Edpuzzle’s Video Library
If you’ve got a particular topic in mind and are not looking to reinvent the wheel, you can start out with videos that are already on Edpuzzle. For example, Edpuzzle Originals are pre-made video lessons covering Math, Science, English, and Social Studies for different grade levels. These videos already have integrated questions, but you can customize them by editing and creating your own versions. If you want to supplement and reinforce existing curriculum materials, this is a good place to start.
Besides Edpuzzle Originals, you can search the video library for a topic you’re looking for, say, “causes of the American Revolution,” and chances are, there are already videos with questions on there. For example, this Brainpop video has eight embedded multiple choice and true/false questions.
You can search by topic, or by source. So, maybe you want to find something from Ted-Ed, SciShow Kids, DisoveryEd, NatGeo, or another video series you like. Just pop it into the search box. You can also search under the category of Edpuzzle hosted videos, which have embedded questions for existing videos and video series like this one on the rock cycle from Magic School Bus; or this one from Amoeba Sisters on human body systems.
If you still want something else, you can always add the content yourself by uploading a video. Then you can do things like cut the video and add different types of questions such as multiple choice, true/false, short answer, fill in the blank, or open-ended. You type in the choices, indicate the correct answer with a check mark, and the site grades the questions automatically. You grade the open-ended questions yourself.
It’s easy to create a free account and get started. Here are some things you can do with Edpuzzle:
- Create classes for your kids’ subjects and assign videos with start dates and due dates. You can email links to assignments or give them a code generated by the site to access assignments.

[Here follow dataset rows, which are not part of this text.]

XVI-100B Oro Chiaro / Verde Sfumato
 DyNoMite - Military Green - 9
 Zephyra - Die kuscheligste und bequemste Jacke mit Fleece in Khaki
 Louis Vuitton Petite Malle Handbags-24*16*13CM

- Customize the same videos based on each kid’s level. For an older child, insert more challenging comprehension questions that require deeper analysis of the concepts covered in the video. For a younger child, focus the questions on basic understanding of key ideas and vocabulary.
- Set the questions so that answers are either typed in or given orally. Enable questions to be skipped or not; enable multiple tries and re-watches.
- Track progress to see who has watched the videos and completed the questions, and how well they did.
Edpuzzle And Homeschool Lessons
Edpuzzle’s videos can be used for more than review of core subjects. You can use existing lessons or build your own lessons covering art and music or cross-curricular studies. Some examples:
- Explore the connections between the Golden Ratio and Fibonacci in music.
- Show how math can be used to create interesting art with tessellations, fractals and origami.
- Demonstrate the science behind magic tricks, such as illusions, forces, and reactions.
- Explore the science behind sports, such as motion, energy, and gravity.
- Review literature concepts like conflict and character analysis with an episode of the Twilight Zone.
- Act as a historian to draw conclusions by analyzing primary and secondary sources.